Lessila said that “financial administration of the bundle becomes far more difficult since a single bundle procedure will involve payments to one or many physicians, medical devices and hospital facility charges. The hospital system must understand who gets paid how much and in what form, and be able to track all of the details to determine whether the bundle is profitable or not in the end.”

What does this mean to you?

The closing of skilled nursing facilities, even one- or two-star facilities will back up the rehab process, not only for general health care, but for workers’ comp, since hip and knee surgeries are common procedures in workers’ comp claims.

Diagnostic testing, hospital stays and avoidable readmissions will also impact the claims process for workers’ comp, and may add more costs to the total hospital bill that employers and insurers will pay.

The confusion that may result from basing the reimbursement on a fixed amount rather than a blank check will force the hospital systems taking a greater financial risk and guaranteeing the outcome of the surgery.

Lastly, the complexities of bundling will impact the financial administration of hospital systems, with most legacy billing systems unable to administer these contracts and aggregate the data, according to Lessila.

What does this mean for medical travel?

The disruptive effects of bundled payments may make it possible to implement medical travel into workers’ comp since there is a clear beginning, middle and end to the episode that can be better managed by facilities not covered by CMS rules that will bottleneck the process of adjudicating and settling claims.

But this will only happen when the medical travel industry convinces the workers’ comp industry and employers that they can provide the required procedures at a lower cost than even bundled payments can offer, and with a better guarantee of positive outcomes.

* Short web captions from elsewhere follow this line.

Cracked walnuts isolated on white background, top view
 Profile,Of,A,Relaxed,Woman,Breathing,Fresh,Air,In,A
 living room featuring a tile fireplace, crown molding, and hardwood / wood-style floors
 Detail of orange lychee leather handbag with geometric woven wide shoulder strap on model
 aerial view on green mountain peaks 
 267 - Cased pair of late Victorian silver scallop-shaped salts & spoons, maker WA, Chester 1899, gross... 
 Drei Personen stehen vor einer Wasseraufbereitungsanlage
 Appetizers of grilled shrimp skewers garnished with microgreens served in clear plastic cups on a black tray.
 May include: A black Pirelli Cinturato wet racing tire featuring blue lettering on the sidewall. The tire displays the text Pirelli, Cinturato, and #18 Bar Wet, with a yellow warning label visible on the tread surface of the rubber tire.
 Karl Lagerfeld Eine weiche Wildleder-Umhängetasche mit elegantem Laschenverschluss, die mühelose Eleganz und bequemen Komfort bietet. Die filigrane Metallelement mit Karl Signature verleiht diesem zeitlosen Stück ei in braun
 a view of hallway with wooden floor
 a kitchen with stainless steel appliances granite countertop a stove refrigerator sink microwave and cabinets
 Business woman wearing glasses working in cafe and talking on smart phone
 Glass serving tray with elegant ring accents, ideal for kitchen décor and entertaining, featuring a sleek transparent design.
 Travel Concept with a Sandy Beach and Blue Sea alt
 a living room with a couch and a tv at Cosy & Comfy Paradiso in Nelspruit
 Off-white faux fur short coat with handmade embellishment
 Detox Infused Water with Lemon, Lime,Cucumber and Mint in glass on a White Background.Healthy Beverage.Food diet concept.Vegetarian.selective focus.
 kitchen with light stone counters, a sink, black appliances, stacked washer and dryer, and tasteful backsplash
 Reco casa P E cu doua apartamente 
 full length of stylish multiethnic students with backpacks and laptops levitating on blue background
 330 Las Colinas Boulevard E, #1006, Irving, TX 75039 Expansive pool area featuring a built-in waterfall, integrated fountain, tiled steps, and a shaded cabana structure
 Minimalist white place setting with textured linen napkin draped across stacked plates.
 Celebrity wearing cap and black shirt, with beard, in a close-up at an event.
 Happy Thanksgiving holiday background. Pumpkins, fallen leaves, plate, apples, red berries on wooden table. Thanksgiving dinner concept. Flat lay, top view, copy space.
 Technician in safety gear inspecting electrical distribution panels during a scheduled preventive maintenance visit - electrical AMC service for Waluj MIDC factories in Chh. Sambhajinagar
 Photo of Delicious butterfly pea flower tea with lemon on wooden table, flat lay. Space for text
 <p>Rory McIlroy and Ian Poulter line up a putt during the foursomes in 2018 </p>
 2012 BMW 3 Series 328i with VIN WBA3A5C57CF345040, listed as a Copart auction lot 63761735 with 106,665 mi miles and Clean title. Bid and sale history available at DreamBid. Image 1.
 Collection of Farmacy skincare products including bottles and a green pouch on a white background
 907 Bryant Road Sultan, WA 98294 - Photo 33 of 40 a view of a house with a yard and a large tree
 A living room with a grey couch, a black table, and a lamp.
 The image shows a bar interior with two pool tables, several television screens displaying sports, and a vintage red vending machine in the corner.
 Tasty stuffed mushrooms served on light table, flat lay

In my article, “What Role Can Medical Tourism Play in Physical Therapy and Rehabilitation for Workers’ Compensation?”, I said that medical tourism can package rehabilitation and physical therapy services the same way the other medical services are packaged, along with the cost of treatment, airfare and accommodations.

Medical travel facilities can take up the slack from the shuttered skilled nursing facilities that may result from the implementation of bundled payments. The medical travel industry and their destination partners should consider offering their services as a better alternative.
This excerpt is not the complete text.